Time:  For us, trying to get pregnant is a BIG time commitment.  Like most of you, we didn't just get to have sex a few times and end up pregnant.  I've used ovulation kits for months, timed sex around ovulation, failed 3 IUIs and one IVF.  During treatment cycles I have to go to the doctor around 3 to 5 times a week.  Many are last minute and unpredictable since it depends on my body. Juggling my work schedule is stressful.  To date, I've had at least 50 appointments.  It's also a big time commitment in terms of being informed.  I've spent countless hours reading books (about 8 total), researching the internet for information and researching clinics and doctors.  

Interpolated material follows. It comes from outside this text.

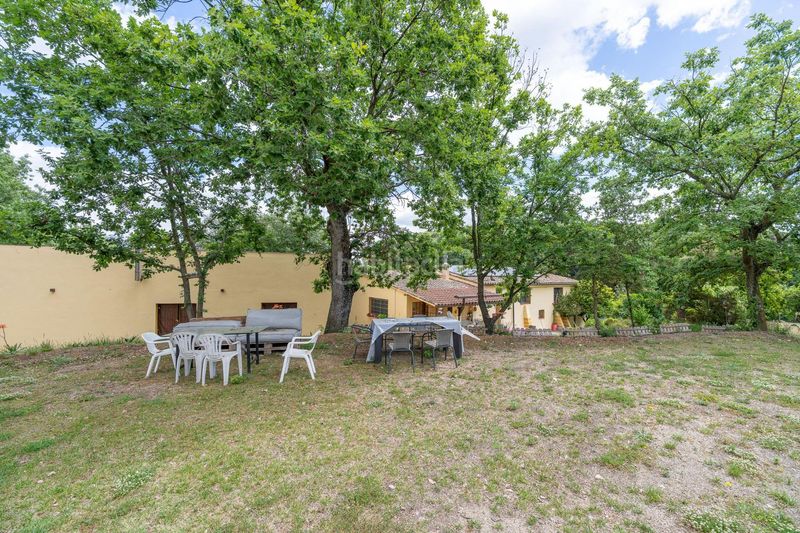 Foto d6f0ebab-790c-4868-9578-2320e399d35c. Masia amb calefacció aparcament piscina a Bescanó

Sex life:  As taboo as it is to talk about, I'm gonna do it.  Yeah our sex life has suffered.  Sex is no longer an intimate experience as a couple... it is strictly about baby making.  When you have doctors telling you "when" and countless tests and instruments up that part of your body, you don't exactly feel sexy.  I hate when people tell me that "practicing to have a baby is the best part" so we are lucky.  Any good thing done long enough gets tedious.  Chocolate ice cream is delicious, but when you eat it every day it gets old.  What's worse is that for us it a futile effort, putting more pressure and stress on us when the doctors give us the green light.  I can guess for most infertile couples, sex causes some stress and arguments.  

Body:  I feel like a piece of a science experiment.  I can't count the number of times I've had blood taken, injections filled with hormones, and painful procedures.  My body no longer feels like my own.  

Indulgences:  I've given up alcohol, all caffeine, have been trying to eat mostly organic, and am taking about a dozen supplements daily just to try to increase our chances.  I LOVE coffee but haven't had any since January 26th.  I don't cheat...even a little.  When your desperate for something, you'll do anything. I've also been pretty diligent with taking care of myself by getting the right amount of sleep and exercising regularly.  All these things take time to do well.

Sanity and state of mind:  I will admit I'm depressed alot of times.  I'm doing my part by acknowledging it and getting the proper help.  I withdraw and isolate myself from people sometimes.  I cry alot.  I get angry alot.  I am sad alot.  I cried four days straight at a pregnancy announcement.  It took everything I had to pull it together.  I felt like a monster being so angry that it's not me too.  Anyone that's been depressed will tell you it's something you can't help.  While I have a good life and am blessed with may great things, it still doesn't fill the void I have.  It makes me feel ungrateful for what I do have.

Self esteem:  My body isn't doing what it's naturally been made to do.  We fail month after month.  I can tell you I feel less of a woman and strangely an adult as a result.  I'm sure my husband will tell  you the same thing about his masculinity. I see others getting pregnant and having families so easily.  Why is it SO difficult for us?

Money:  Assisted reproductive technology is expensive.  The average IVF is about $15,000.  We make a decent living, but we have school loans, car loans, and a mortgage like everyone else.  Recently I tallied our bills since starting this journey.  I stopped adding at $26,000.  For us, that is ALOT of money.  Because we were blessed with some donations we ended up paying about $21,000 of our own money thus far.  That could have been saved for daycare, for our child's college fund, for needed baby gear.  If I'm lucky enough to have our next IVF work I will be struggling to pay our IVF debt and buy baby gear at the same time.  It won't be easy.  I worked hard to have a good education so I could make a decent living and I feel it's been a waste of time.  Most people are lucky enough to not have to deal with this.  A year ago, before the doctors broke the news that IVF was a must, we went on vacation to Utah.  We didn't plan on needing IVF...who does? Earlier that year we had just failed 3 IUIs and we needed a much needed get away.   I am not ashamed we spent our money on that.  Anyone in our shoes probably would have done the same for sanity sake.  Vacations, clothes, and home repairs are a thing of the past.